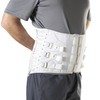 Truform-OTC Lumbosacral Corset, Disc Alignment, Spine Posture, Adjustable Front, Short,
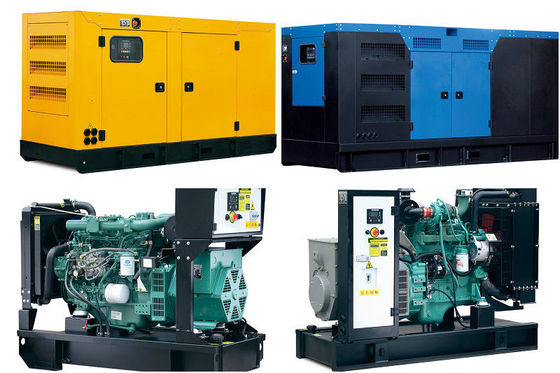εφεδρική γεννήτρια diesel 40kw 50kva κατοικημένη με τη μηχανή Yangdong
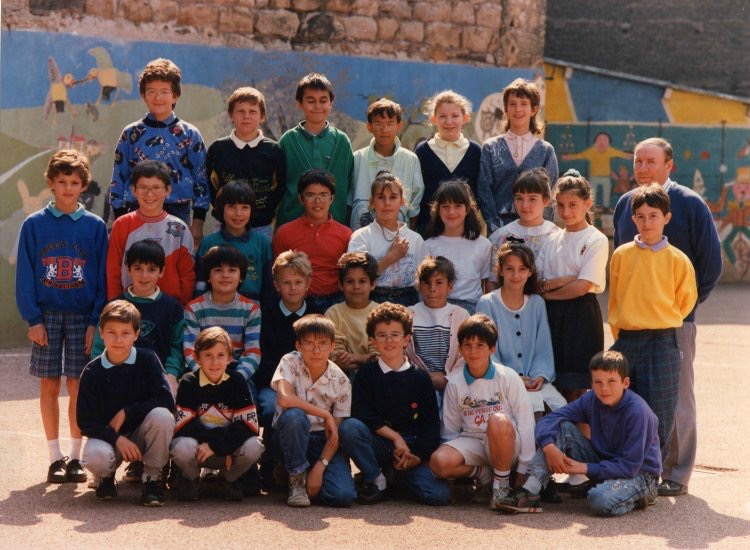 école St-Louis 1989 (2)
───
* YOUR TASK *
Reproduce the listing above exactly, excluding all pictures.

* RESULT *
 Truform-OTC Lumbosacral Corset, Disc Alignment, Spine Posture, Adjustable Front, Short,
εφεδρική γεννήτρια diesel 40kw 50kva κατοικημένη με τη μηχανή Yangdong
 école St-Louis 1989 (2)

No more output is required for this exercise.